It claims there are lessons to be learned from the introduction of the 3% diesel penalty surcharge, which resulted in a flood of orders just before the deadline.
Director general John Lewis said: ‘The way it happened earlier this year meant there was a pull forward into December of some 28,000 vehicles which will eventually result in substantial increased costs for those companies which did it, as they will be selling 2005 cars, instead of 2006 ones. It certainly doesn’t make much commercial sense.
But more importantly we have to have incentives to encourage early adopters especially as Euro V for cars is just around the corner. Without incentives there will be an inevitable last minute panic to meet the new regime instead of a smooth and orderly transition.’
The BVRLA is also continuing to lobby for multi-year VED licences for fleets and is looking for reform of the way that Corporation Tax (CT) is applied to vehicles.
Lewis said: ‘We have been arguing for wholesale reform. At the moment CT, as it applies to vehicles, is the only non-emissions based tax and importantly for the fleet industry, it actively discriminates against contract hire. We need to see the back of the £12,000 capital allowance limit and the scrapping of the rental disallowance.

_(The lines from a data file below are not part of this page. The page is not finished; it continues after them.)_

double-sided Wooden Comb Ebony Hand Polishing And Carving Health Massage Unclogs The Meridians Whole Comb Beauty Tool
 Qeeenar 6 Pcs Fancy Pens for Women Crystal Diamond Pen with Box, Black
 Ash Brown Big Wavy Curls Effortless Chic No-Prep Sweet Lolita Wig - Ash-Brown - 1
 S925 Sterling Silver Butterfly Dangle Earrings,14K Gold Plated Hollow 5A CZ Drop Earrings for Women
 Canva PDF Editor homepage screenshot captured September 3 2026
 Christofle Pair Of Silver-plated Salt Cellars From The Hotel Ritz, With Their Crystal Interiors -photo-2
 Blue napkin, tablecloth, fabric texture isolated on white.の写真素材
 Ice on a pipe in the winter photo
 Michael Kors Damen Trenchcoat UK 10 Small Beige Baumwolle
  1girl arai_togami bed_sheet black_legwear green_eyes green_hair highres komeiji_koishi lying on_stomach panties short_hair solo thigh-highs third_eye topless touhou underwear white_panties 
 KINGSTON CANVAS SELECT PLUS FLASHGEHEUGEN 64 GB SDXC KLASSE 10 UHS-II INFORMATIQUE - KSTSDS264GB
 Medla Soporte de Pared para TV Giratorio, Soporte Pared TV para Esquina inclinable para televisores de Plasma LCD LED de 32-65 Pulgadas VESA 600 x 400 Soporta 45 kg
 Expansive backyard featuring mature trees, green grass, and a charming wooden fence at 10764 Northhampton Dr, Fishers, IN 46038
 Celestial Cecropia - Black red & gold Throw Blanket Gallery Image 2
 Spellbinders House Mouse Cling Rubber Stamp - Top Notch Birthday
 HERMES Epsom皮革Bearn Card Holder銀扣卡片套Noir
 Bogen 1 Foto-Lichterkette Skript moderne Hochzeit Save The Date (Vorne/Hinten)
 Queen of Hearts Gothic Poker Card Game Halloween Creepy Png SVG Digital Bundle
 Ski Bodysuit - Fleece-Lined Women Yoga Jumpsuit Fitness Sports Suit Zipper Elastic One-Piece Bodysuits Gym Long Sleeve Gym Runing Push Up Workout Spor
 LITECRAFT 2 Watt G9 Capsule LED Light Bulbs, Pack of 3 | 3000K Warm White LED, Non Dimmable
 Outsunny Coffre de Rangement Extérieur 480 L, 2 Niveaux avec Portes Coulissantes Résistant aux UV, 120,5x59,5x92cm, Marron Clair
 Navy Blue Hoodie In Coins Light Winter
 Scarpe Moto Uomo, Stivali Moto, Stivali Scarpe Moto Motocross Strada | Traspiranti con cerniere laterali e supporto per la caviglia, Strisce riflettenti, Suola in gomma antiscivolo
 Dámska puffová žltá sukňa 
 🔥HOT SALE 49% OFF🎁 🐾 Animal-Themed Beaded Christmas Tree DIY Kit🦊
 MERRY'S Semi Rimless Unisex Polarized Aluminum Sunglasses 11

‘We believe these should be replaced by a banded set of allowances based on CO2 emissions applied to all business cars. In one move we could help the Government meet CO2 targets, even out the funding method decision process and reduce the burdensome administration of the present CT arrangements. I think it could properly be described as a ‘win-win’ situation.’
Lewis said the BVRLA was disappointed that there were no signs of such a move in last year’s pre-Budget report.
Chancellor Gordon Brown will deliver the Budget on Wednesday.